> [ASSIGNED TASK]: Begin with the first line below and retype each line exactly through the line containing "2025 Nissan JUKE ST+ F16". Any pictures are to be left out.

> [DATA FOR THIS EXERCISE]:
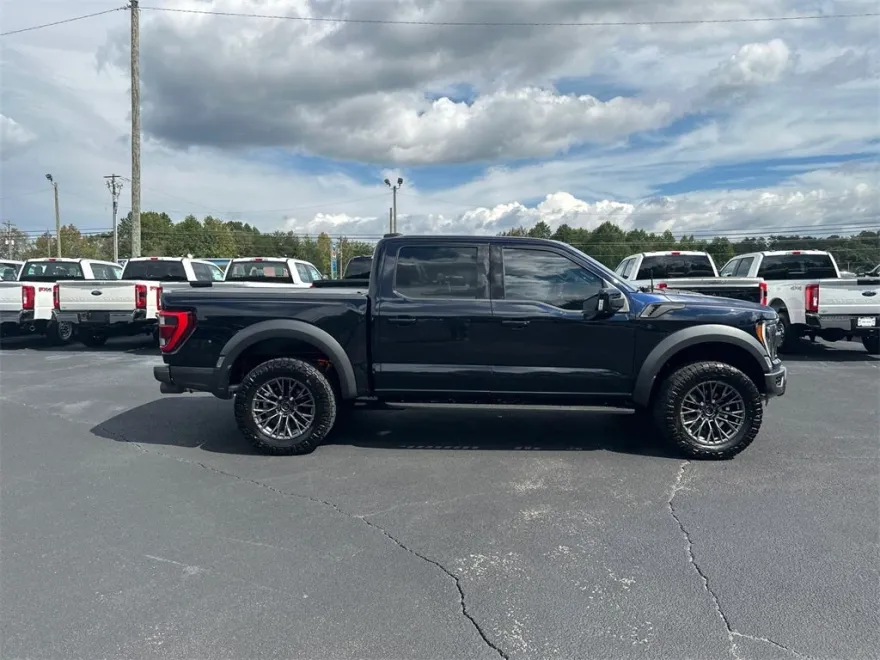 2021 Ford F-150 Raptor photo 1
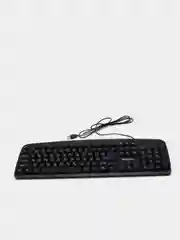 Клавиатура Defender Office HB-910 RU,черный,полноразмерная
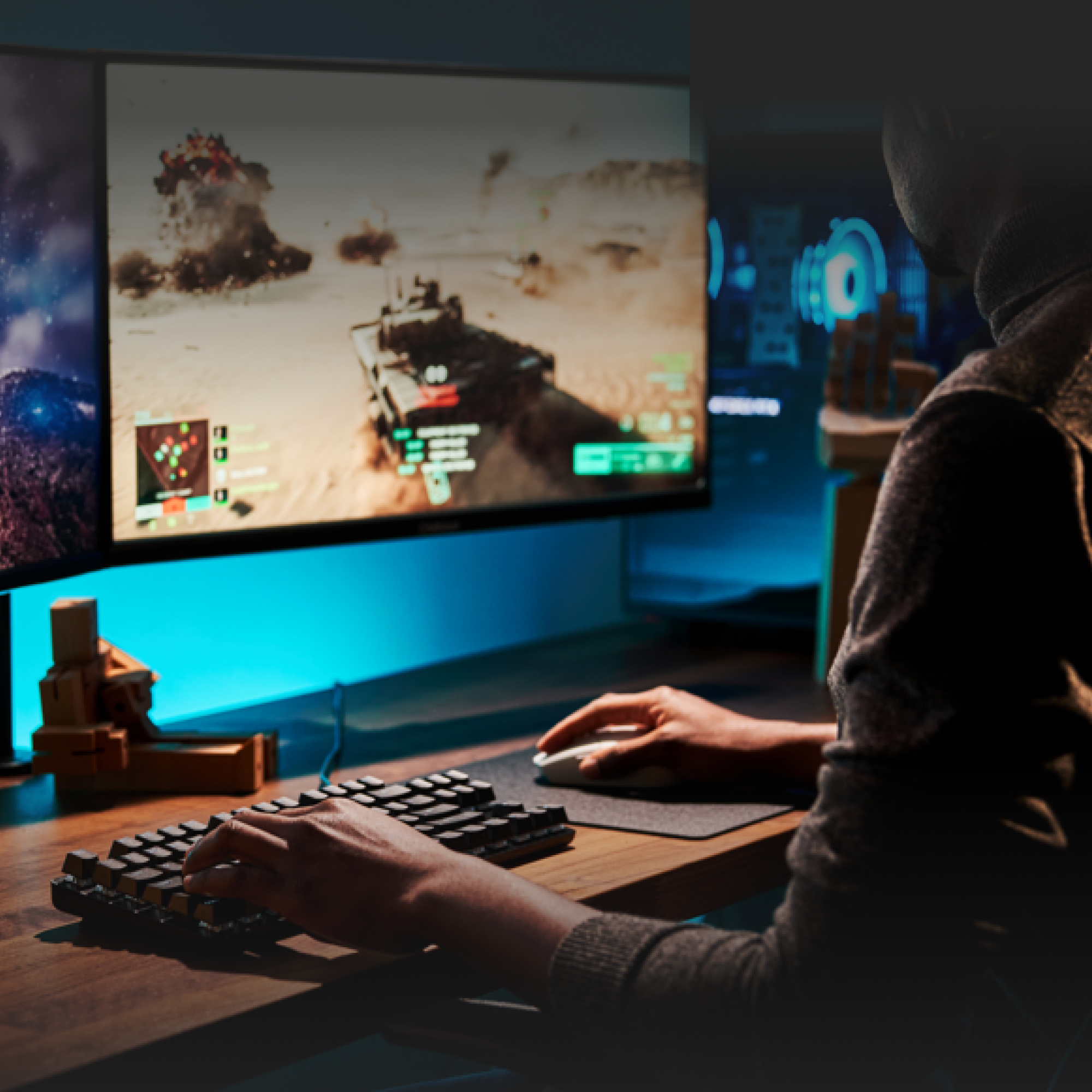 Logitech G G413 TKL SE - Tastatur - TKL - hintergrundbeleuchtet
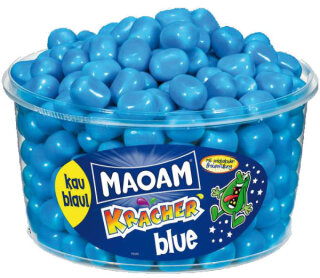 Maoam Kracher Blue 265 Stk. 1,2kg
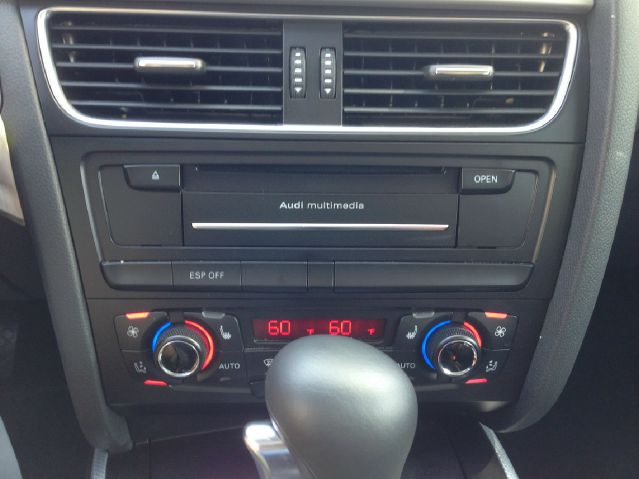 2010 Audi A5 Documented GTO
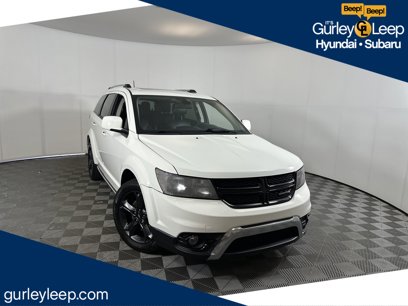 Used 2018 Dodge Journey Crossroad w/ Nav & Sun Group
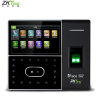 ZKTeco/中控智慧iFace302人脸考勤机人脸打卡机指纹双识别 高清触摸屏
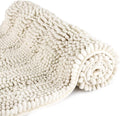 Bath Mat for Bathroom Ultra-Soft Machine Washable Rug - Plush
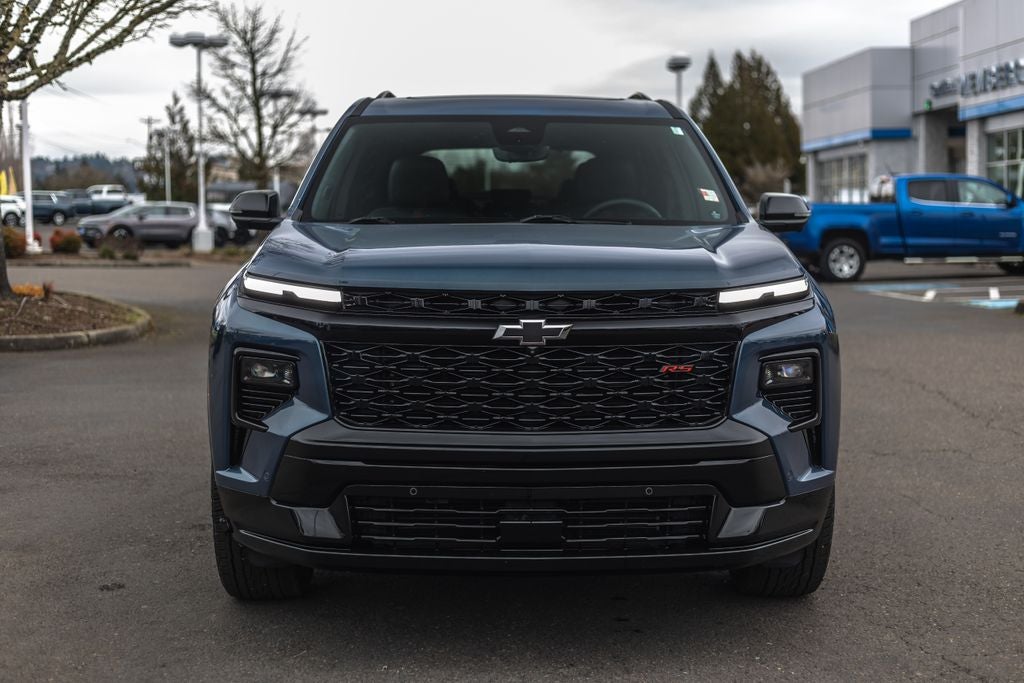 2024 Chevrolet Traverse RS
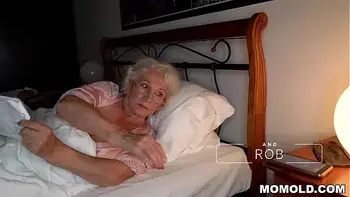 Be quiet, my husband's s.! - Best granny porn ever!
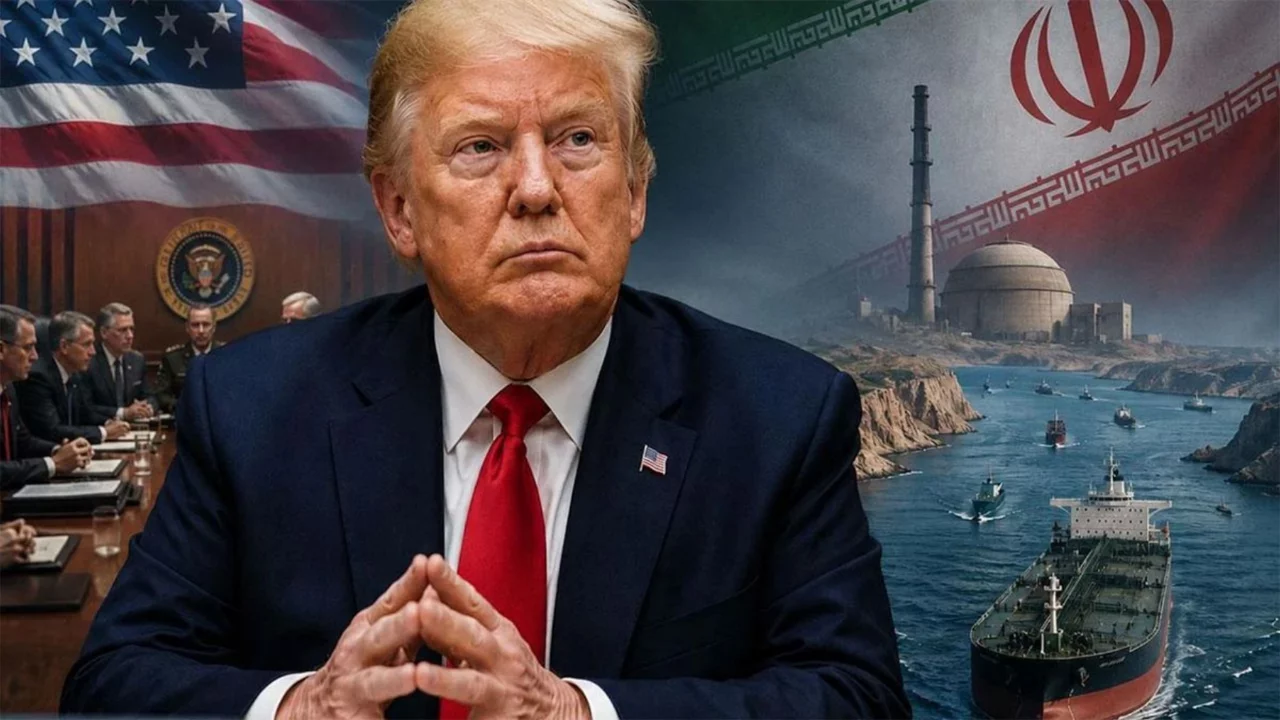 İran "İmza yok" dedi, Trump'tan sert yanıt geldi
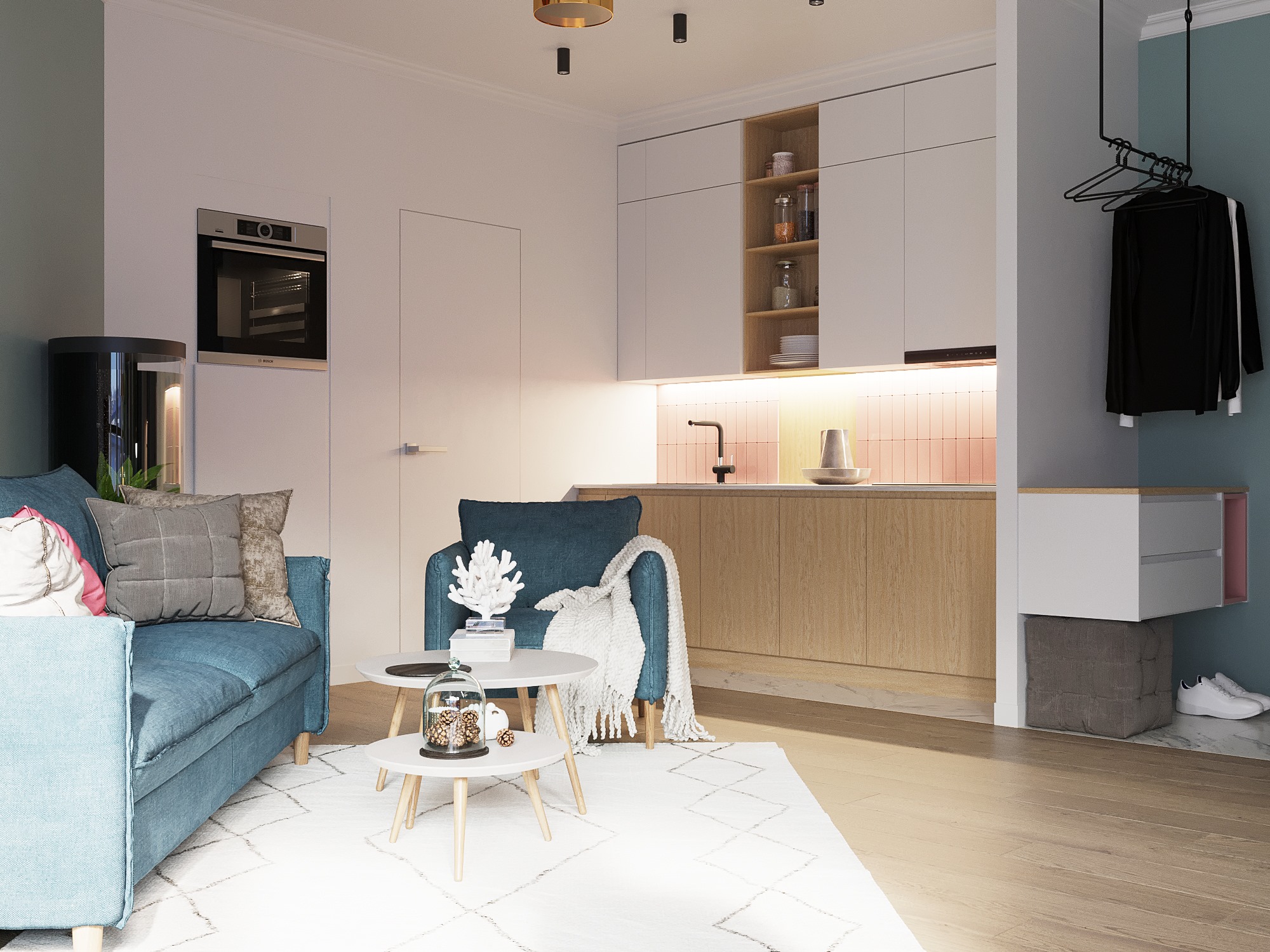 Uljanochkin Design Studio | Saint Petersburg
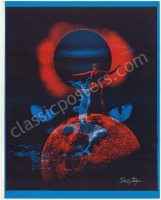 Interesting Art Print by David Singer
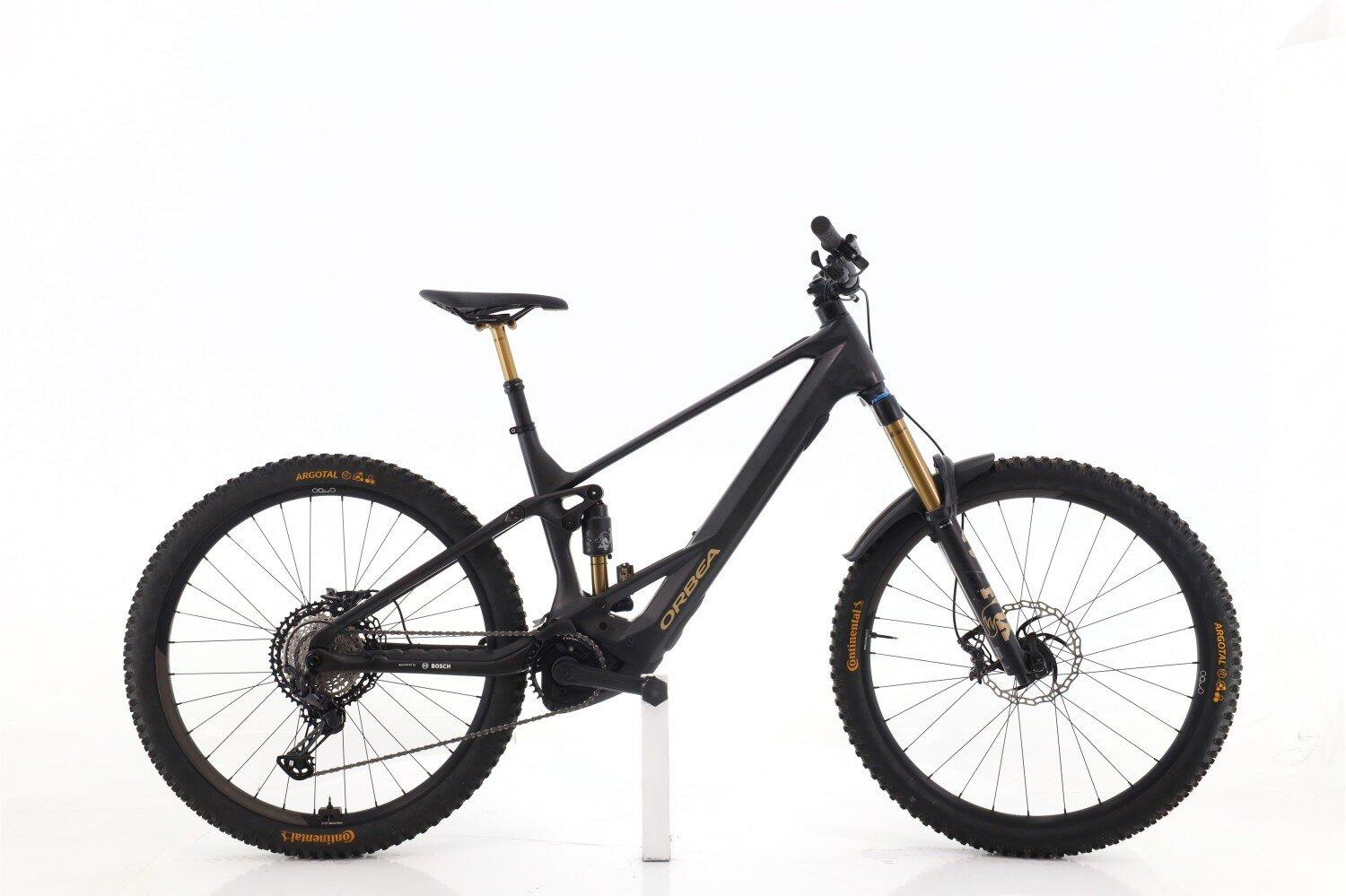 ORBEA Ebike ricondizionata ·  Wild M-Team XT · Bici Km 0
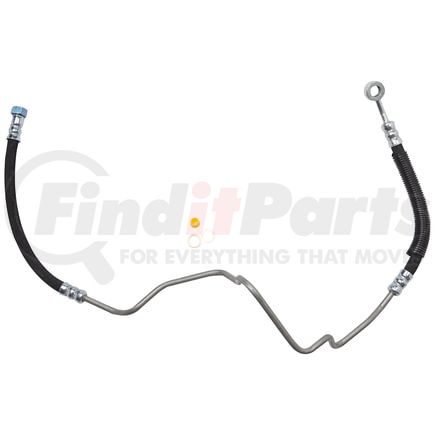 Gates 370500 Power Steering Pressure Line Hose Assembly Power Steering Pressure Line Hose Assembly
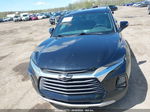 2020 Chevrolet Blazer Fwd 2lt Black vin: 3GNKBCRS0LS598362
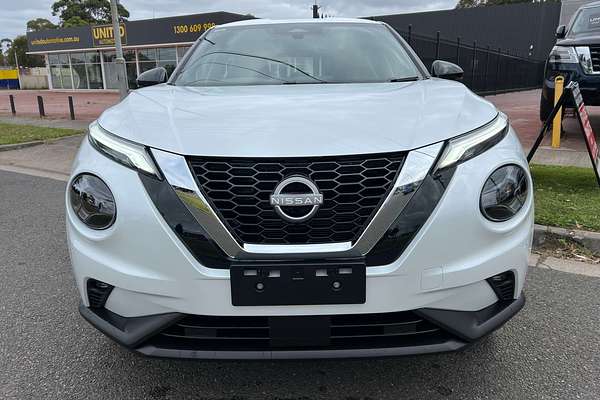 2025 Nissan JUKE ST+ F16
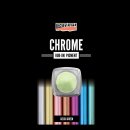 Rub-On Pigment Chrome 0,5g von Pentart Gecco Green #2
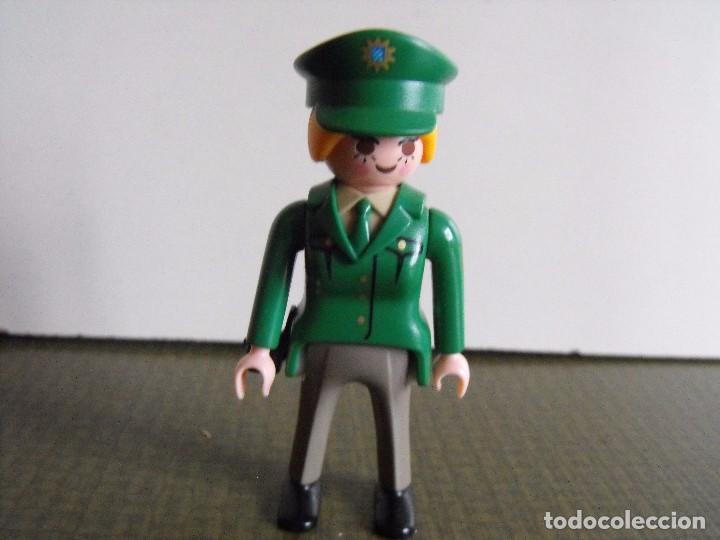 Playmobil: PLAYMOBIL. Mujer Policia. - Foto 1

> [EXERCISE RESULT]:
 2021 Ford F-150 Raptor photo 1
 Клавиатура Defender Office HB-910 RU,черный,полноразмерная
 Logitech G G413 TKL SE - Tastatur - TKL - hintergrundbeleuchtet
 Maoam Kracher Blue 265 Stk. 1,2kg
 2010 Audi A5 Documented GTO
 Used 2018 Dodge Journey Crossroad w/ Nav & Sun Group
 ZKTeco/中控智慧iFace302人脸考勤机人脸打卡机指纹双识别 高清触摸屏
 Bath Mat for Bathroom Ultra-Soft Machine Washable Rug - Plush
 2024 Chevrolet Traverse RS
 Be quiet, my husband's s.! - Best granny porn ever!
 İran "İmza yok" dedi, Trump'tan sert yanıt geldi
 Uljanochkin Design Studio | Saint Petersburg
 Interesting Art Print by David Singer
 ORBEA Ebike ricondizionata ·  Wild M-Team XT · Bici Km 0
 Gates 370500 Power Steering Pressure Line Hose Assembly Power Steering Pressure Line Hose Assembly
 2020 Chevrolet Blazer Fwd 2lt Black vin: 3GNKBCRS0LS598362
 2025 Nissan JUKE ST+ F16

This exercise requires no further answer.